The PC had Windows installed, booting to Windows automatically OK. With Linux installed, nothing is booted and I get a message saying "no bootable devices detected" or something like that. Smashing on the boot options key while booting, I am given a menu to manually choose which device to boot from. If I select the drive with Linux installed, it boots normally. There doesn't seem to be anything in the BIOS settings to tell it to boot from this drive. Adjusting the boot order doesn't work.
However, my motherboard BIOS makes no mention of Linux. To reduce the amount of variables, I've tried installing the latest version of Ubuntu (18.04.2 LTS). Before rebooting, I tried the commands suggested in the article:
I ran into problems very fast though.

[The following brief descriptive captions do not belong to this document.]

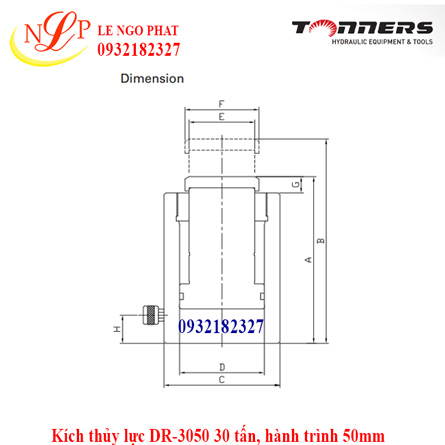Kích thủy lực DR-3050 30 tấn, hành trình 50mm
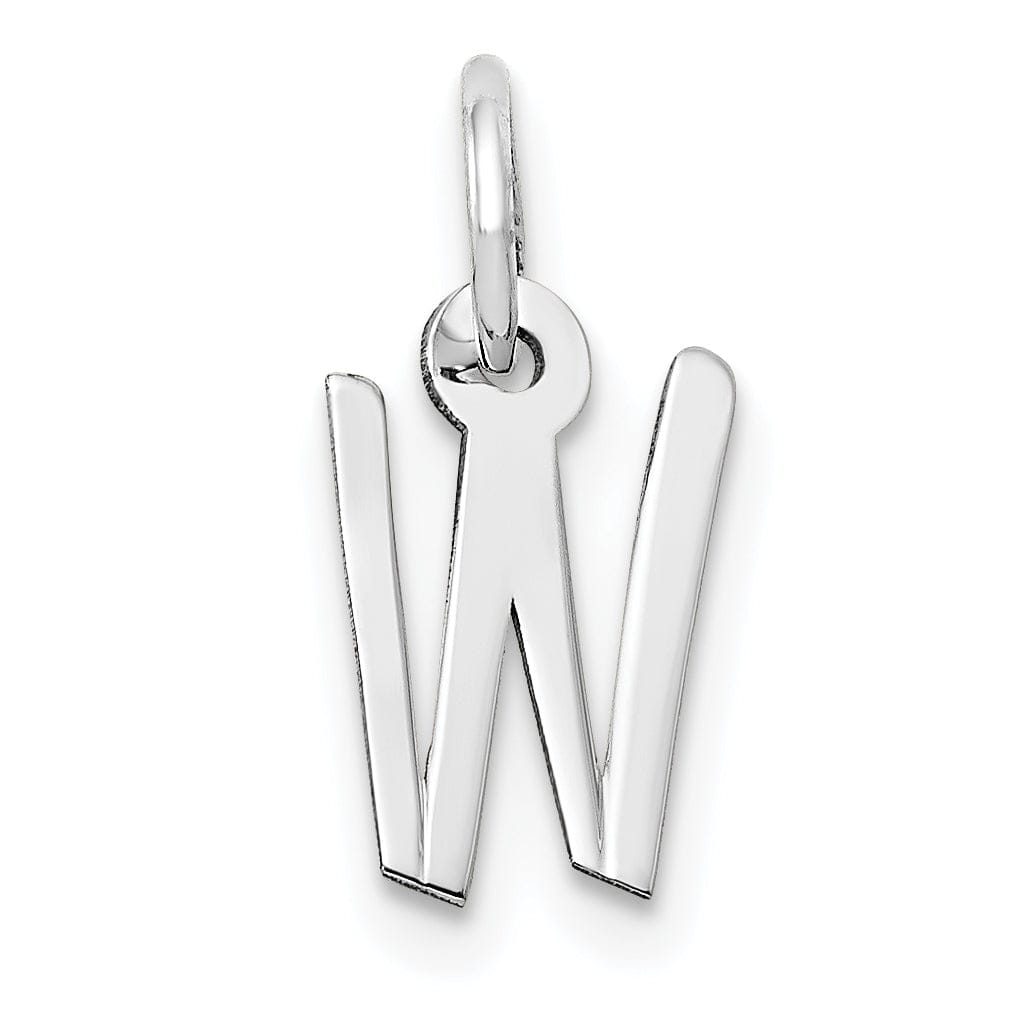 Lovely Rita's Pendants & Charms 14k White Gold Small Slanted Block Letter W Initial Pendant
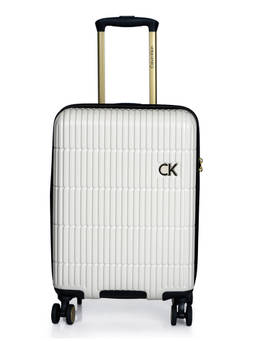 Calvin Klein - White Textured Abs Composite Trolley Bag (Small)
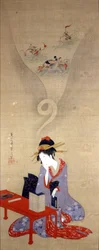 Oiran thinking. Work by Eishi (1756-1815). Genoa, Museo Chiossone.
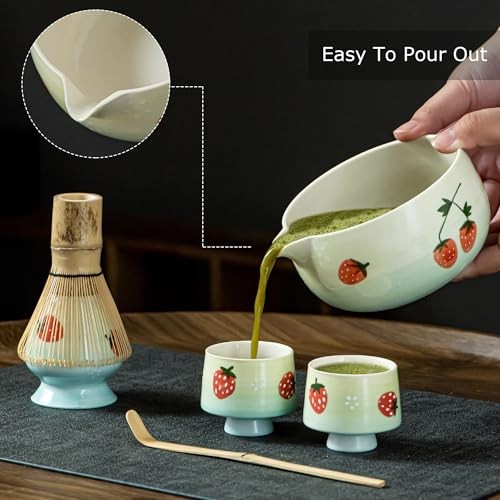 Matcha Whisk Set, Cute Mint Green And Blue Gradient With Strawberry Pattern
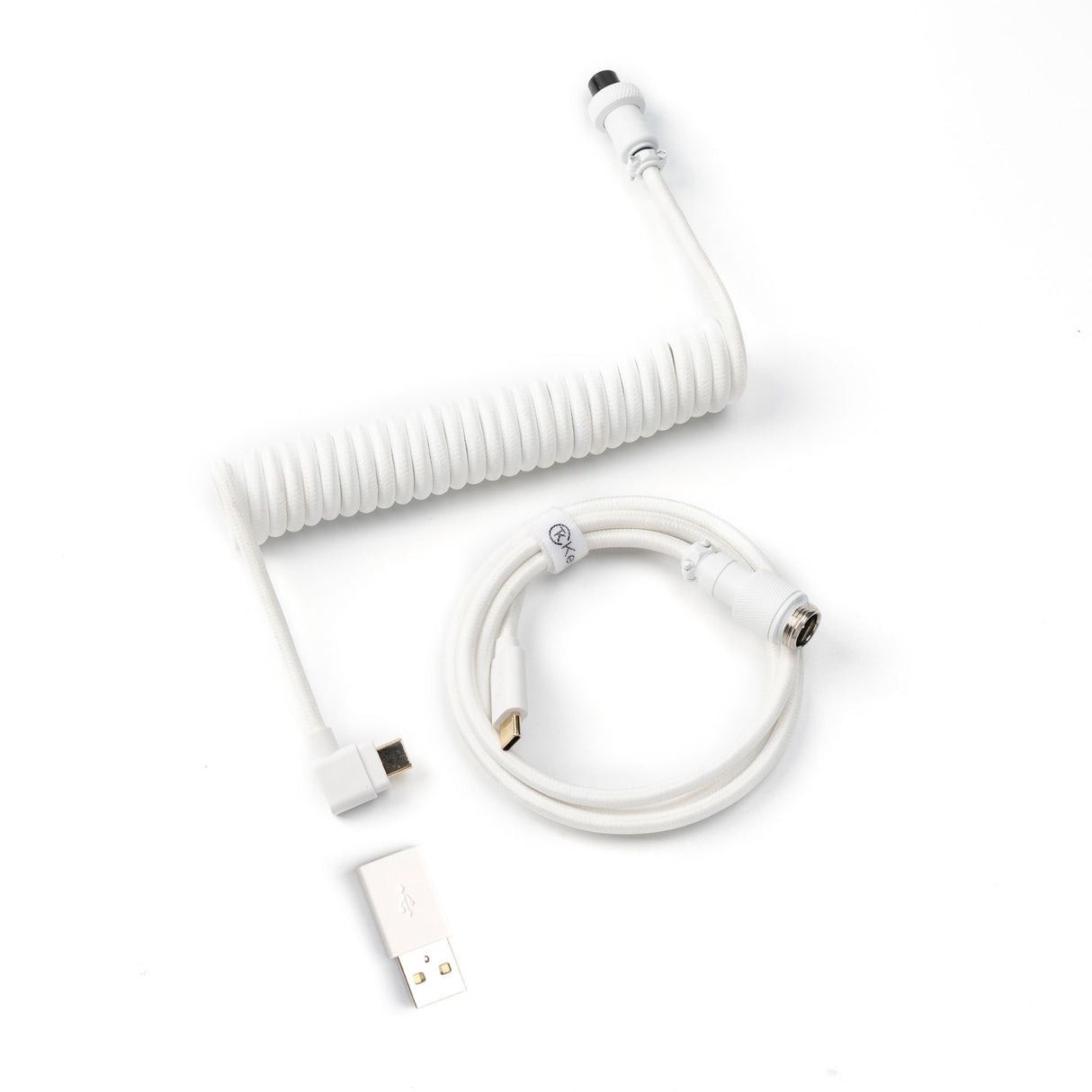 Keychron Coiled Aviator Cable 8K Vinklad Vit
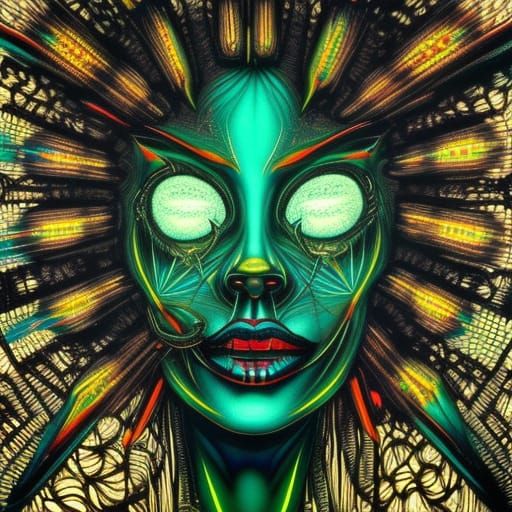 Dystopian Sci-Fi Holographic Simulation in Occult Style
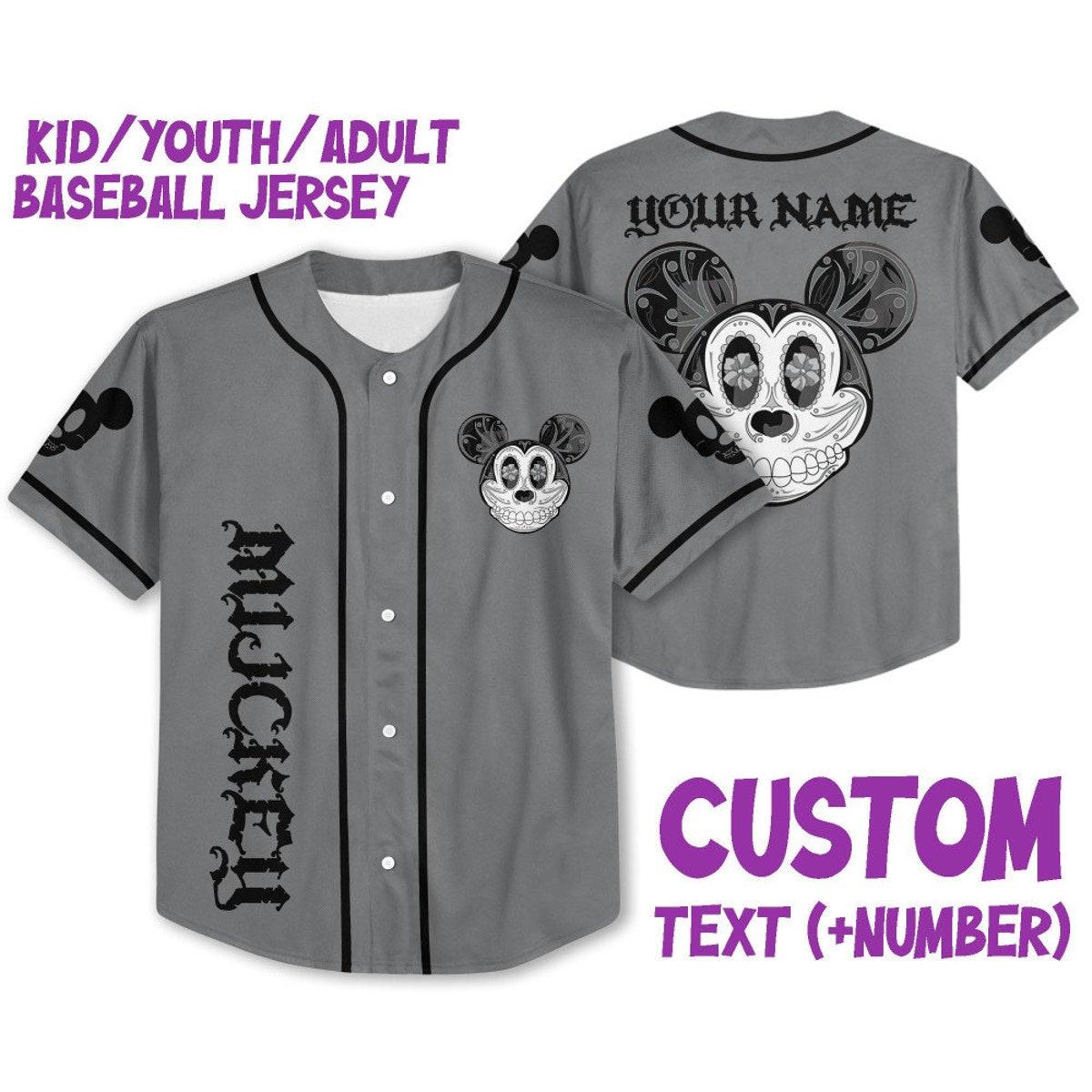 Mckenzieshoponline Mickey Mouse Sugar Skull Disney Personalized Baseball Jersey For Fans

This article seems to be written for an older version of Ubuntu, as my Ubuntu install did not have an EFI folder. I ran a find command for all EFI files that the installer created, and they were all over the place. I tried copying /usr/lib/system/boot/efi/system-bootx64.efi to /EFI/BOOT/bootx64.efi, but that didn't work.
I reset my BIOS settings to factory defaults in the exit menu, and that changed my bios quite a bit, adding some menu items that were not there previously. Perhaps a bug in the intel BIOS update process? Either way I can't be sure what the actual fix was, resetting my BIOS settings, which magically made more boot options appear, or turning off UEFI, which the BIOS reset also did.